# BioASQ Dataset Exploration

This notebook explores the rag-mini-bioasq dataset structure and provides visualizations.

In [None]:
import sys
sys.path.insert(0, '../src')

from datasets import load_dataset
import pandas as pd
import matplotlib.pyplot as plt
import seaborn as sns

sns.set_style('whitegrid')
%matplotlib inline

## 1. Load Dataset

In [None]:
# Load the dataset
dataset = load_dataset('rag-datasets/rag-mini-bioasq')
print(f"Dataset splits: {list(dataset.keys())}")

In [None]:
# Examine structure
for split in dataset.keys():
    print(f"\n{split} split:")
    print(f"  Number of samples: {len(dataset[split])}")
    print(f"  Features: {dataset[split].features}")
    if len(dataset[split]) > 0:
        print(f"  Sample keys: {list(dataset[split][0].keys())}")

## 2. Examine Sample Data

In [None]:
# Look at a sample
sample = dataset['test'][0]
print("Sample structure:")
for key, value in sample.items():
    if isinstance(value, str):
        print(f"  {key}: {value[:200]}..." if len(str(value)) > 200 else f"  {key}: {value}")
    elif isinstance(value, list):
        print(f"  {key}: list of {len(value)} items")
    else:
        print(f"  {key}: {type(value).__name__}")

In [None]:
# Display a few questions and answers
print("Sample Questions and Answers:")
print("="*60)
for i in range(min(5, len(dataset['test']))):
    item = dataset['test'][i]
    q = item.get('question', item.get('query', 'N/A'))
    a = item.get('answer', item.get('answers', 'N/A'))
    if isinstance(a, list):
        a = a[0] if a else 'N/A'
    print(f"\nQ{i+1}: {q}")
    print(f"A{i+1}: {a[:200]}..." if len(str(a)) > 200 else f"A{i+1}: {a}")

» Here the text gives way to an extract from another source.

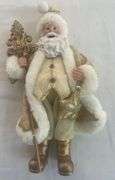 Santa Claus Figure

## 3. Analyze Relevant Passages

In [None]:
# Count relevant passages per question
relevant_counts = []
for item in dataset['test']:
    relevant_ids = item.get('relevant_passage_ids', 
                           item.get('positive_passage_ids', 
                           item.get('relevant_passages', [])))
    if isinstance(relevant_ids, list) and len(relevant_ids) > 0 and isinstance(relevant_ids[0], dict):
        relevant_ids = [p.get('passage_id', p.get('id')) for p in relevant_ids]
    relevant_counts.append(len(relevant_ids))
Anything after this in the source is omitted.